Markov Chain (Definition and Properties)

Let’s understand stochastic processes with the help of some examples.

Examples

Gambler’s Ruin

Suppose that Alice has $\$N$ and she wants to gambles. Every time, she bets $\$1$ . If she wins, she receives $\$1$ extra. If she loses, she loses the $\$1$ . She stops when she loses all $N$ dollars or achieves $2N$ dollars.

Here, the time is “discrete” → we only care about the change in state when alice makes a gamble. Also, the amount of money Alice has at any time is also discrete (integral).

One possible outcome of Alice’s gambling can be as follows (say she starts with $3):

Untitled

Poisson Process

The department of transportation is interested in the busy level of a specific location. They count the number of cars passing this location from time to time. This process is called a Poission process.

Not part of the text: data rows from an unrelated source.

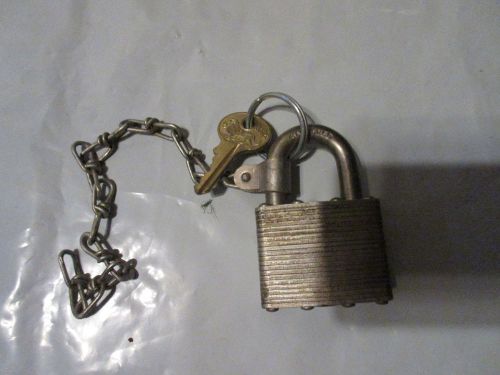 Master Lock Commercial Padlock with Chain And lion head key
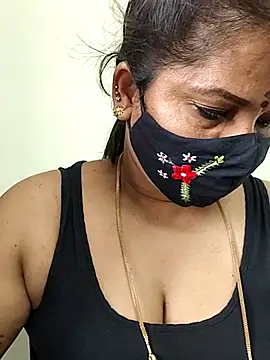 gaurika18 online show from 04-26-26, 02:20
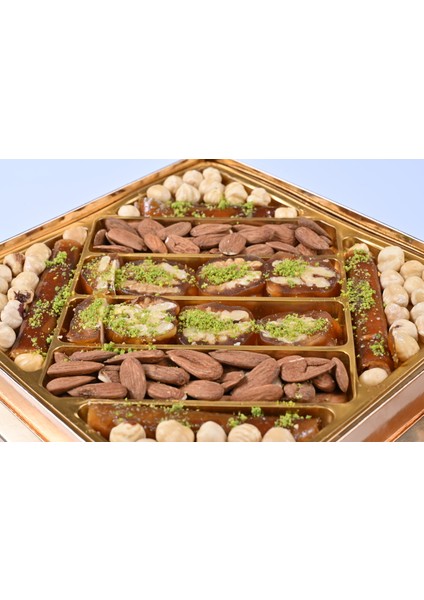 Lüx Karışık Hediyelik Kuruyemiş 650 gr 026 fiyatları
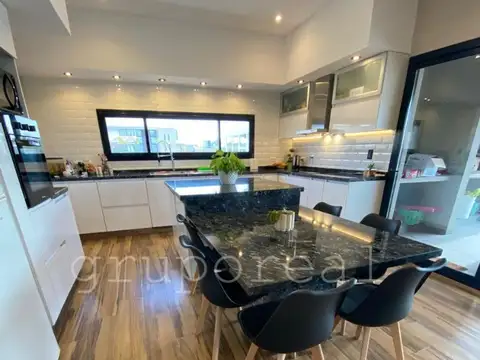 Sargento Cabral 5400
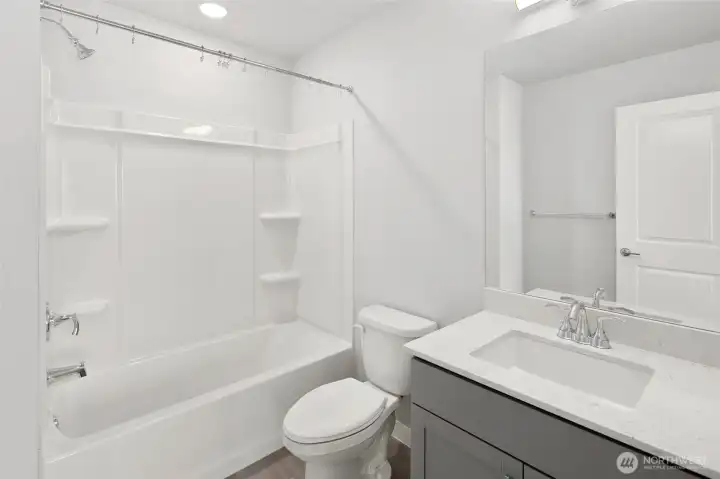 2nd bedroom upstairs - private bathroom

Here, the time is continuous, but the number of cars is a discrete (integral) value.

Stock Price

From time to time, the price changes, and the change can be any real number. It may not be an integer. Here, time is continuous and the stock price is also continuous.

Stochastic Processes

The processes in the above examples are similar but not identical:

All processes have an index $t$
For every time point, the process has a value
The range of $t$ and the possible values a process can have (at any time $t$ ) are different - they can be discrete or continuous.

Define the stochastic process as:

Let $T$ be the index set. It can be time or space.
Let $S$ be the state space, the set of possible values of the process.

tip

A stochastic process $\{X_t : t \in T\}$ is a collection of random variables where $t$ is the time index.

Classification of Stochastic Processes

Depending on the index set $T$ , we say the process is:

A discrete-time stochastic process, if $T$ is countable
A continuous-time stochastic process, if $T$ is a continuum.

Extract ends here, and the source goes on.